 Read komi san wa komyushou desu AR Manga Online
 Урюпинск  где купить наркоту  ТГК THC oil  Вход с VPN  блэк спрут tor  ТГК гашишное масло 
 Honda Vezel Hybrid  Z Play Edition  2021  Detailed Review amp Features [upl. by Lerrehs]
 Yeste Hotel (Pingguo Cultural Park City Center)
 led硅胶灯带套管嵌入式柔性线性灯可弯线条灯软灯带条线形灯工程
* * *
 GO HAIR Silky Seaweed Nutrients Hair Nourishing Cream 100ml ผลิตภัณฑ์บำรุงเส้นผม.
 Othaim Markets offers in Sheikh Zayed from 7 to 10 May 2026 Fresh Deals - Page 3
...
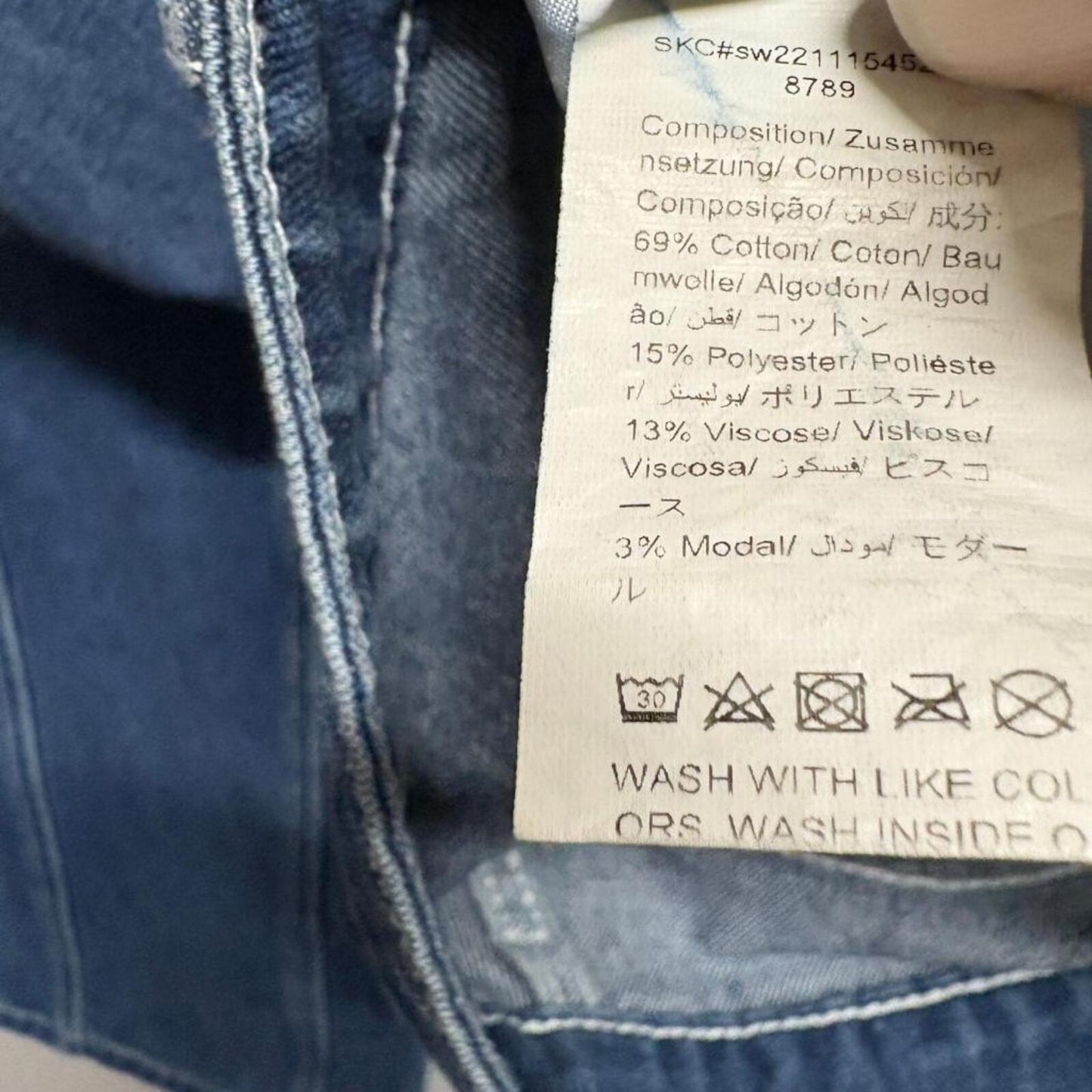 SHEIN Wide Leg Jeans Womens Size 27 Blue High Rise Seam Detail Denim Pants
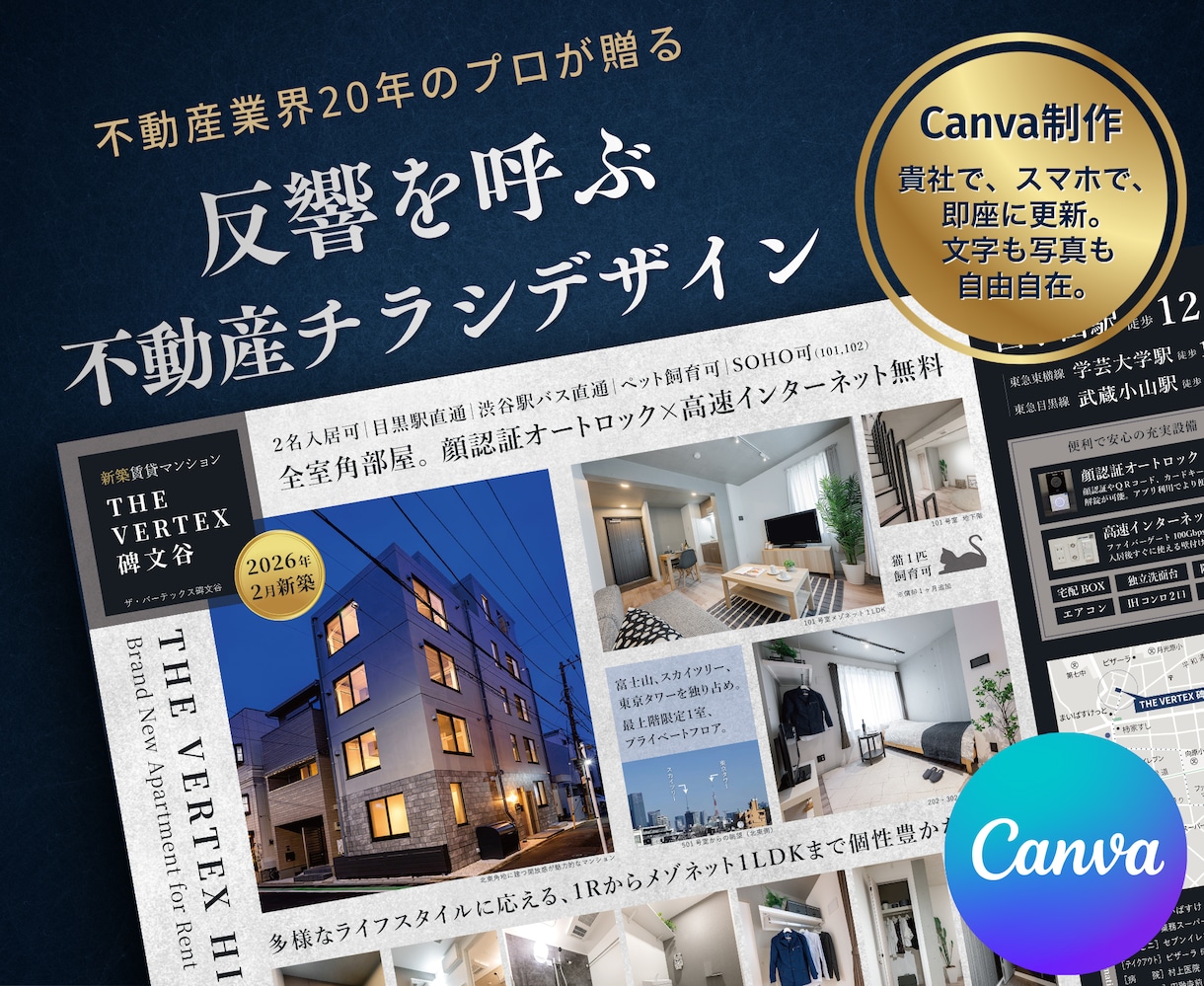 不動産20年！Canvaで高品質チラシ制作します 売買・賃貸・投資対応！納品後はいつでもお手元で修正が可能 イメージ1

• ABOUT THIS EXERCISE:
Among the entries above, the lines between the ones containing "Honda Vezel Hybrid" and "led硅胶灯带套管嵌入式柔性线性灯可弯线条灯软灯带条线形灯工程", inclusive, are to be transcribed exactly. No other line is to be given.

• RESULT:
 Honda Vezel Hybrid  Z Play Edition  2021  Detailed Review amp Features [upl. by Lerrehs]
 Yeste Hotel (Pingguo Cultural Park City Center)
 led硅胶灯带套管嵌入式柔性线性灯可弯线条灯软灯带条线形灯工程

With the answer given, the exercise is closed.